• **Task item**
Beginning with the line that contains "Western blot analysis" and ending with the line that contains "Chronic tear", reproduce the lines of the entries below exactly, omitting pictures.

++++

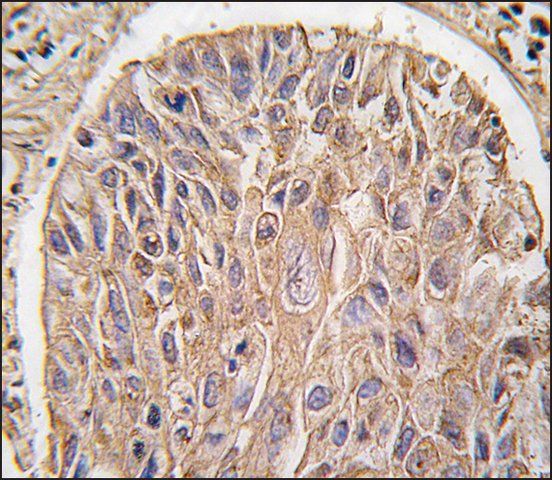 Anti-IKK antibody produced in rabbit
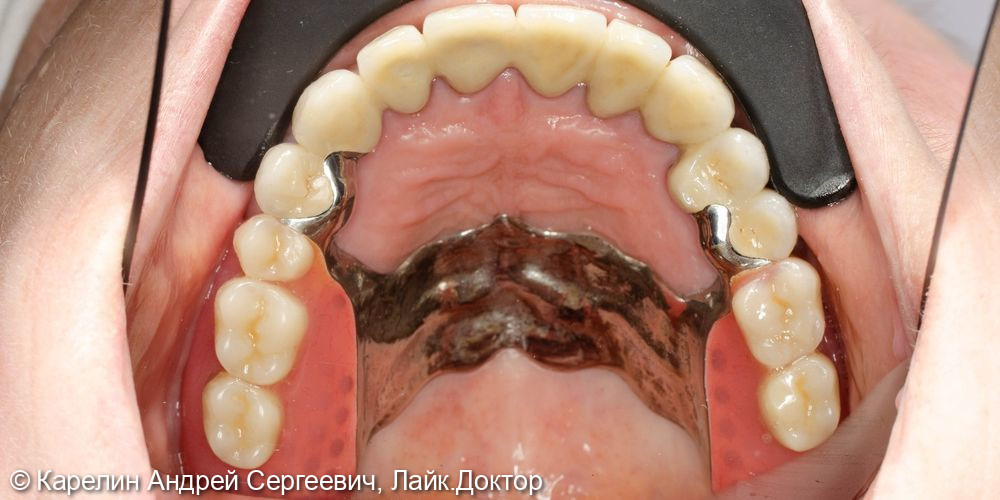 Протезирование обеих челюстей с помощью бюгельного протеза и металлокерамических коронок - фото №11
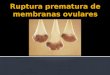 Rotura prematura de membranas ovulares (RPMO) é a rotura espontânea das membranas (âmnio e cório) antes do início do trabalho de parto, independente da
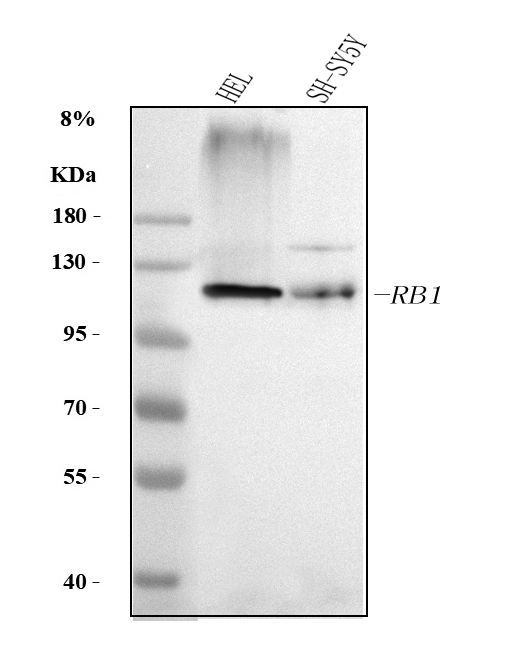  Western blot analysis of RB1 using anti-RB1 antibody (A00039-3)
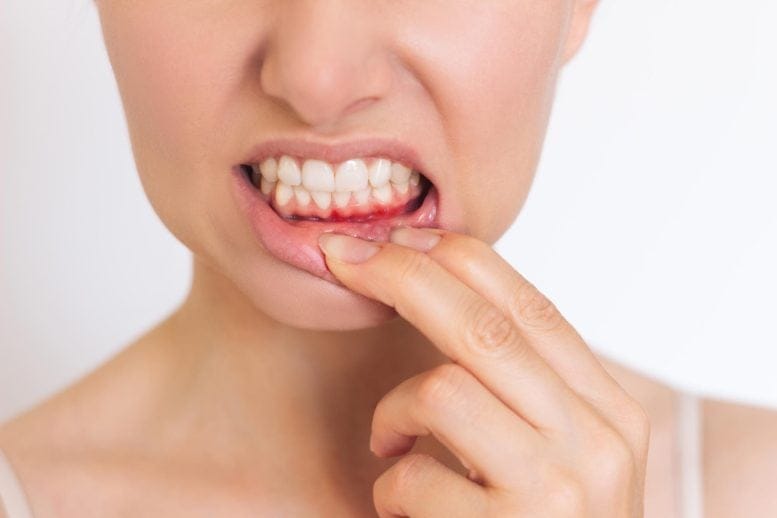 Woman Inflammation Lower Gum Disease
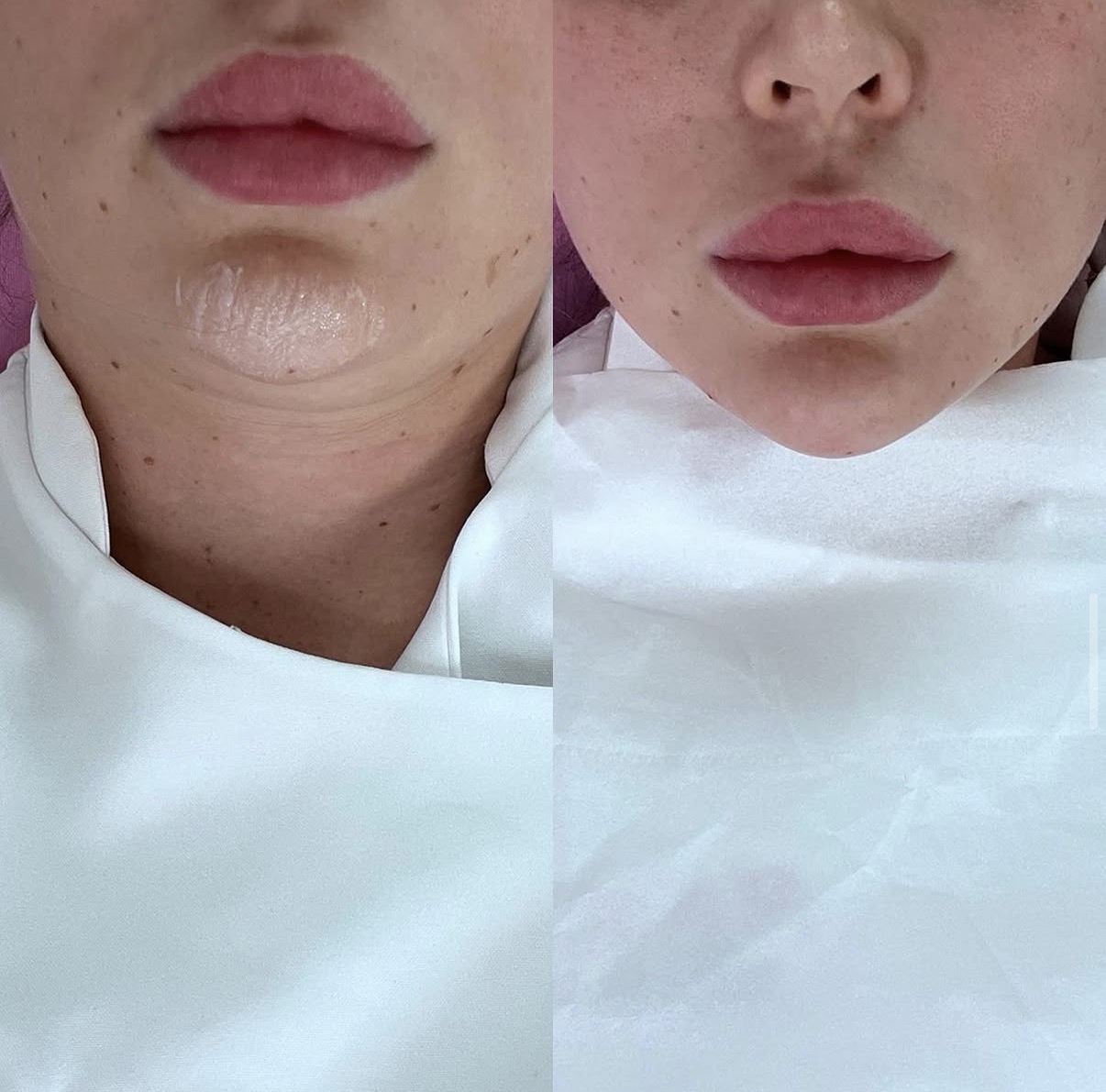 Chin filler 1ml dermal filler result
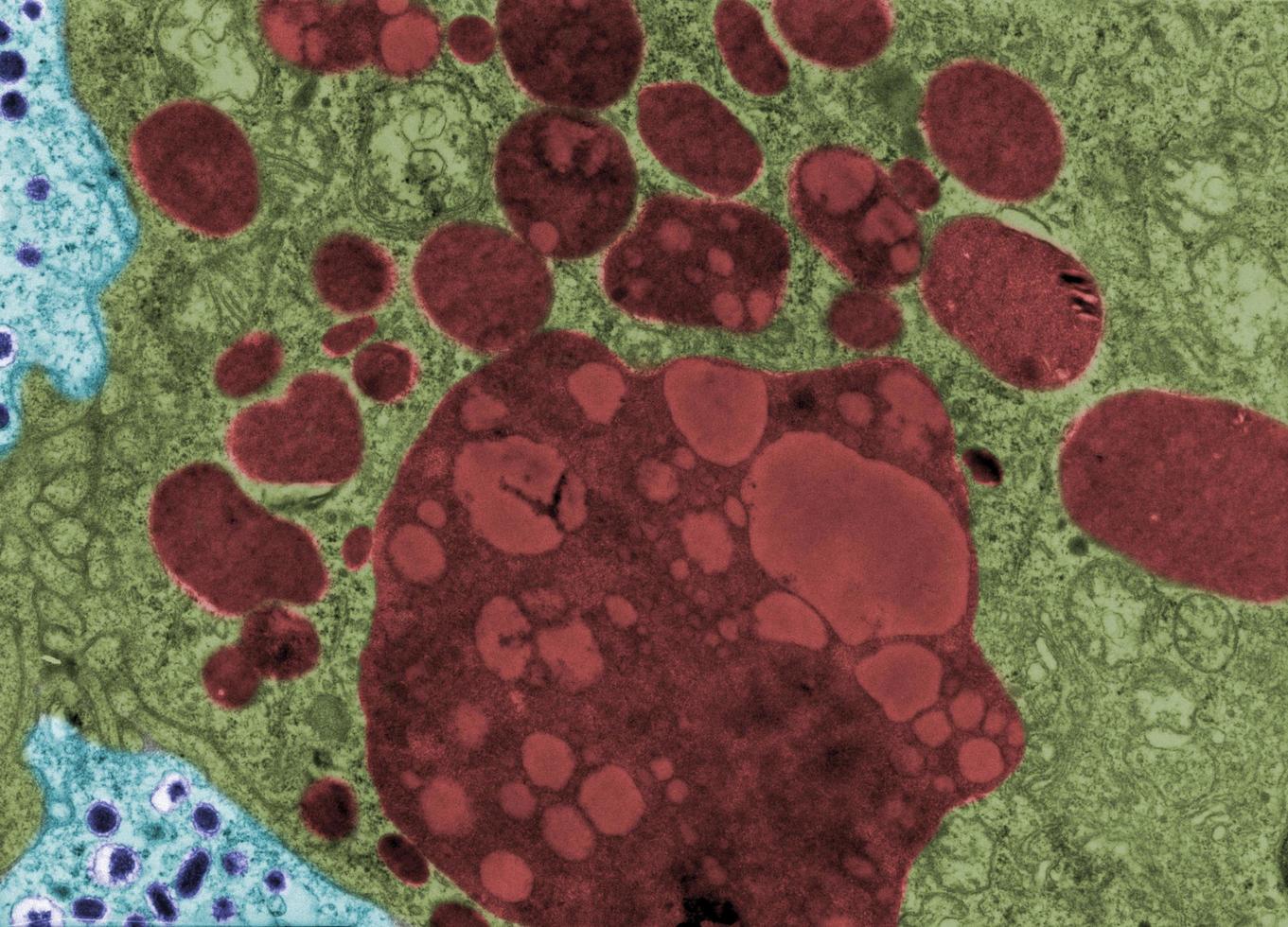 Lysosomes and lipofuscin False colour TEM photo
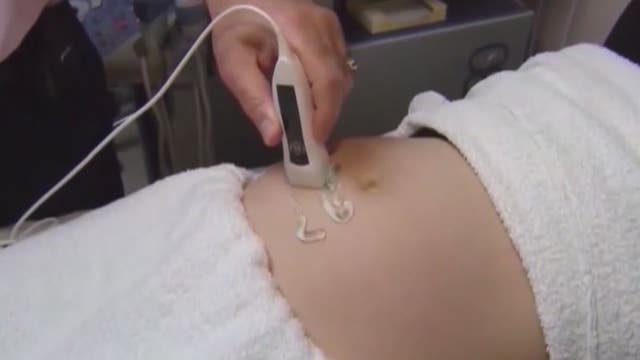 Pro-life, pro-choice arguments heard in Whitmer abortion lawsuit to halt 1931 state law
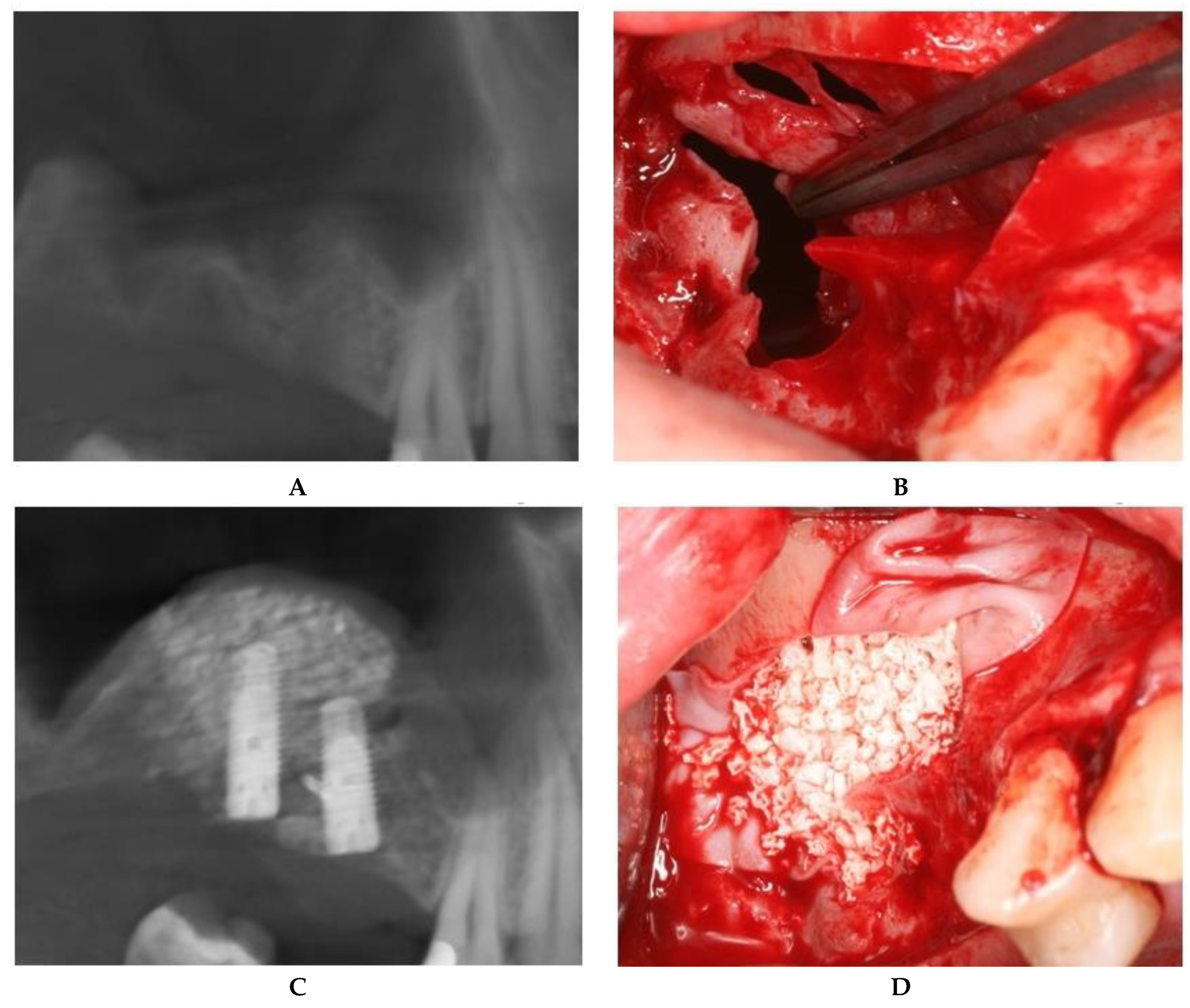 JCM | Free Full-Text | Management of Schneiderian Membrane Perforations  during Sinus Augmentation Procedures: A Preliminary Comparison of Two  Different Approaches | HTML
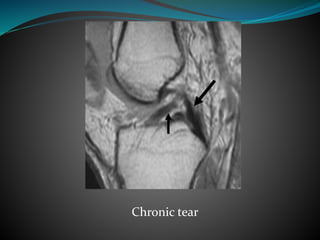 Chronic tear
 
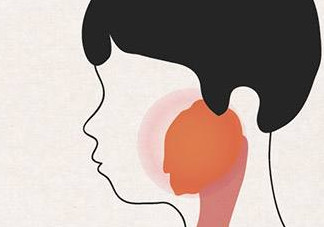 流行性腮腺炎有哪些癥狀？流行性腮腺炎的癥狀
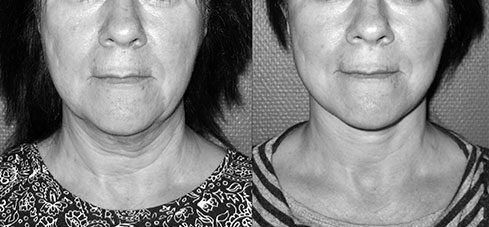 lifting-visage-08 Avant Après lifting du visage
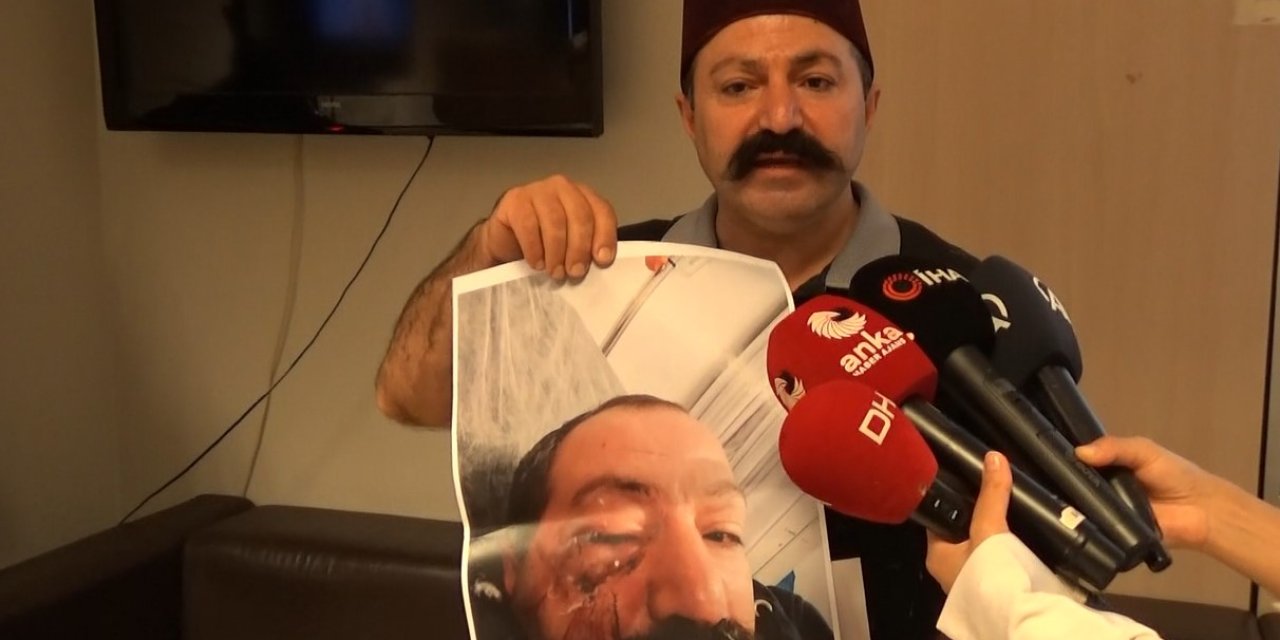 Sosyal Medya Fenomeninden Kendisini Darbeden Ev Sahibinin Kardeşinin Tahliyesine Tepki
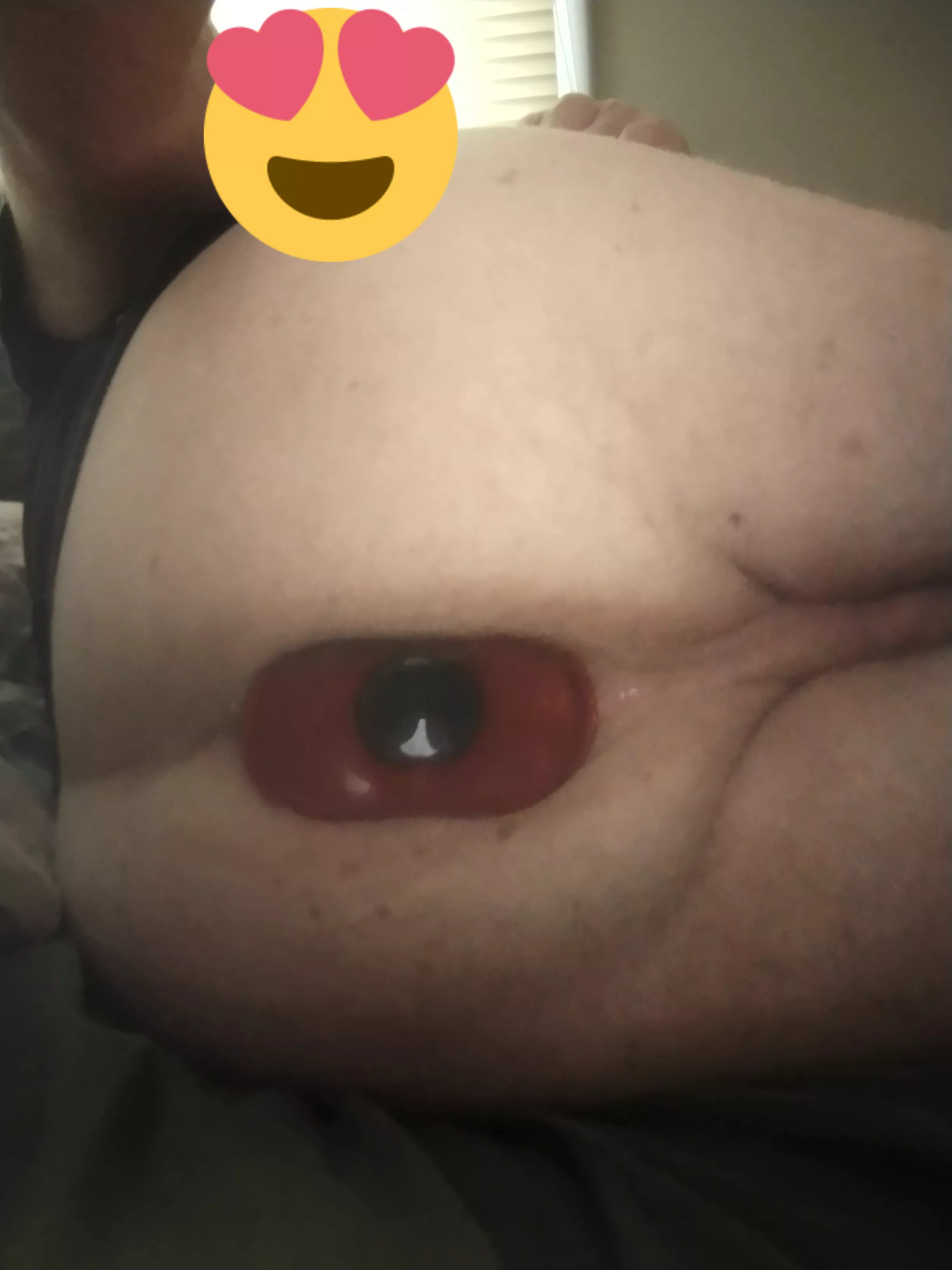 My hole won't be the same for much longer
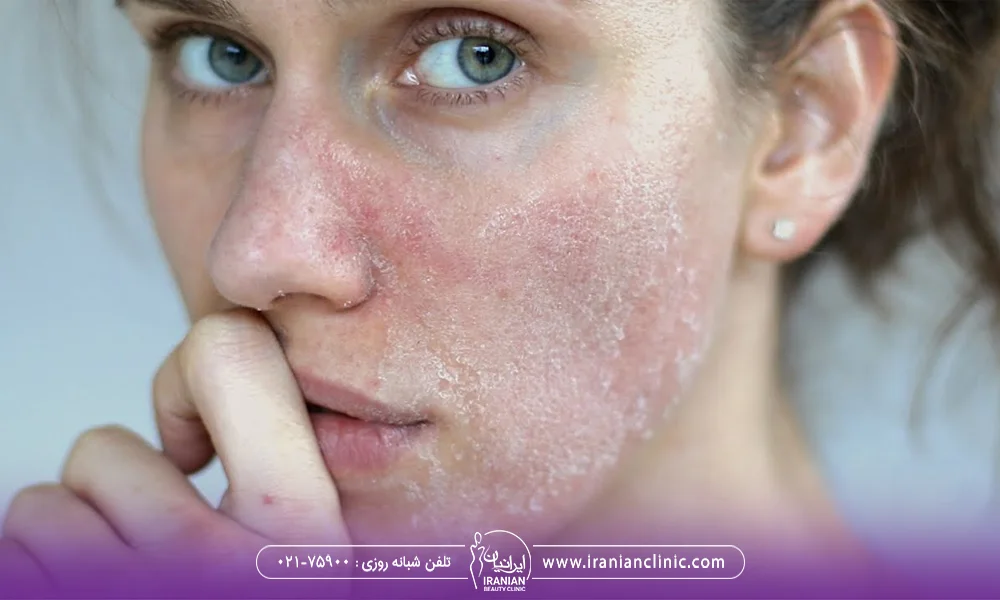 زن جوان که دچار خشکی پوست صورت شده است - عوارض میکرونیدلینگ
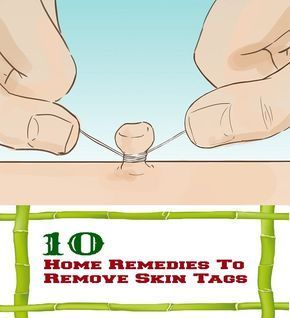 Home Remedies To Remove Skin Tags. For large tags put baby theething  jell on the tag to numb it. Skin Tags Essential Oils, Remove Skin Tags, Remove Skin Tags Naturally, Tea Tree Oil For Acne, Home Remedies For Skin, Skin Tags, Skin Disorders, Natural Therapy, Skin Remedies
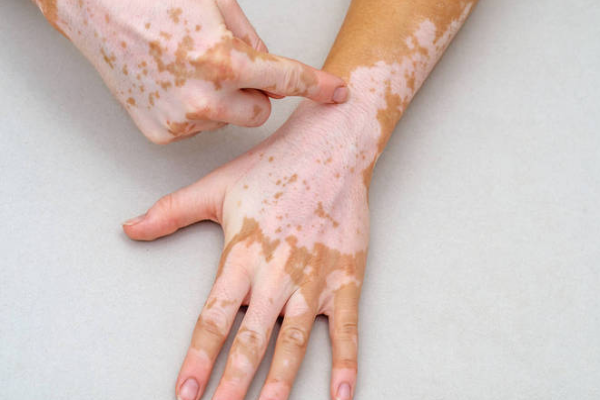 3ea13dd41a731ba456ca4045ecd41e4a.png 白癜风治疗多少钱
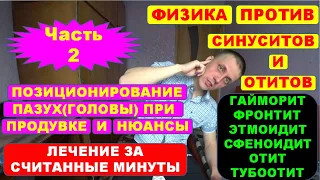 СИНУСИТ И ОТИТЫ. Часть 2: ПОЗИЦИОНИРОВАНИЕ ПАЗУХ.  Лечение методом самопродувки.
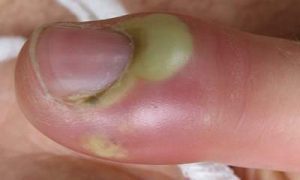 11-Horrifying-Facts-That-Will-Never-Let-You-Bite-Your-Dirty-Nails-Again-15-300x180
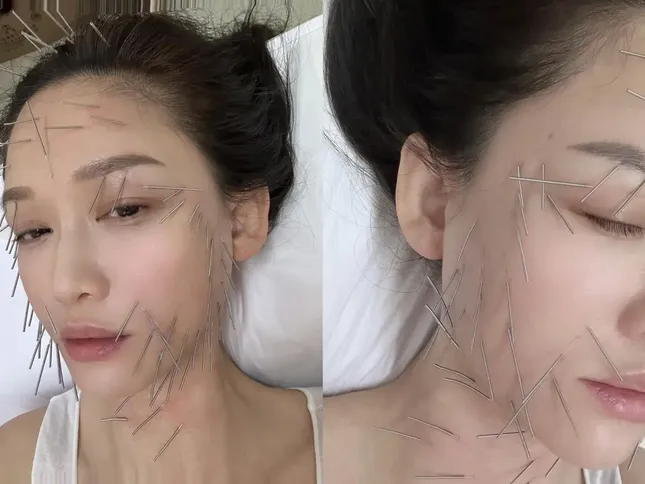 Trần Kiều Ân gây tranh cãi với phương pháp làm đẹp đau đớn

++++

• **Problem solution**
  Western blot analysis of RB1 using anti-RB1 antibody (A00039-3)
 Woman Inflammation Lower Gum Disease
 Chin filler 1ml dermal filler result
 Lysosomes and lipofuscin False colour TEM photo
 Pro-life, pro-choice arguments heard in Whitmer abortion lawsuit to halt 1931 state law
 JCM | Free Full-Text | Management of Schneiderian Membrane Perforations  during Sinus Augmentation Procedures: A Preliminary Comparison of Two  Different Approaches | HTML
 Chronic tear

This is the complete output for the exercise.